DATA FOR THIS EXERCISE:
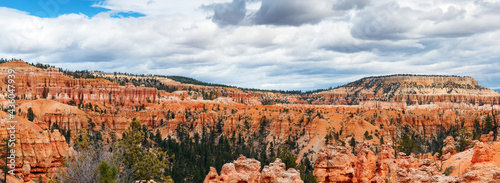 Bryce Canyon, Utah, USA. Panoramic view of Bryce Amphitheater with countless hoodoos under a cloudy sky.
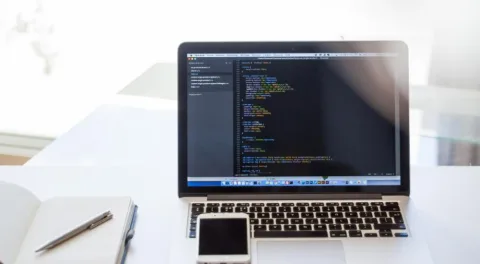 Un portatile con del codice sullo schermo, accanto un quaderno e una penna: la scelta fra un tema pronto e un sito costruito su misura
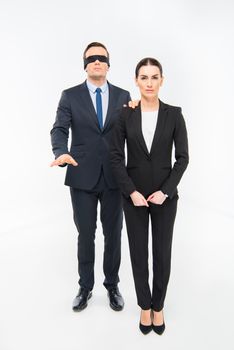 Businessman in blindfold and businesswoman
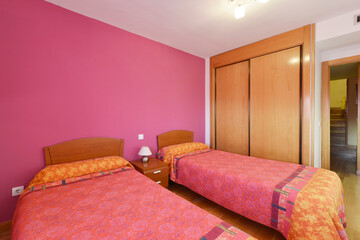 bedroom with two beds with pink walls, built-in wardrobe with sliding wooden doors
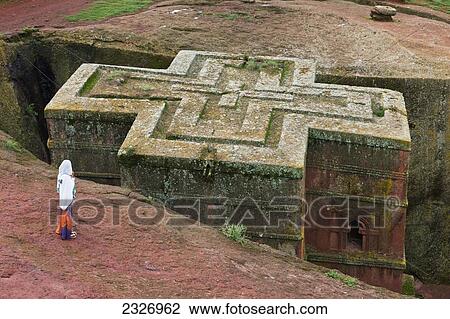 Stock Image - Northern Ethiopia, Ethiopian Orthodox pilgrim contemplating the famous Bet Giyorgis; Lalibela. Fotosearch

TASK:
Your answer must be an exact copy of the lines from the one with "bedroom with two" through the final line of the data, both included, without any pictures.

YOUR RESPONSE:
 bedroom with two beds with pink walls, built-in wardrobe with sliding wooden doors
 Stock Image - Northern Ethiopia, Ethiopian Orthodox pilgrim contemplating the famous Bet Giyorgis; Lalibela. Fotosearch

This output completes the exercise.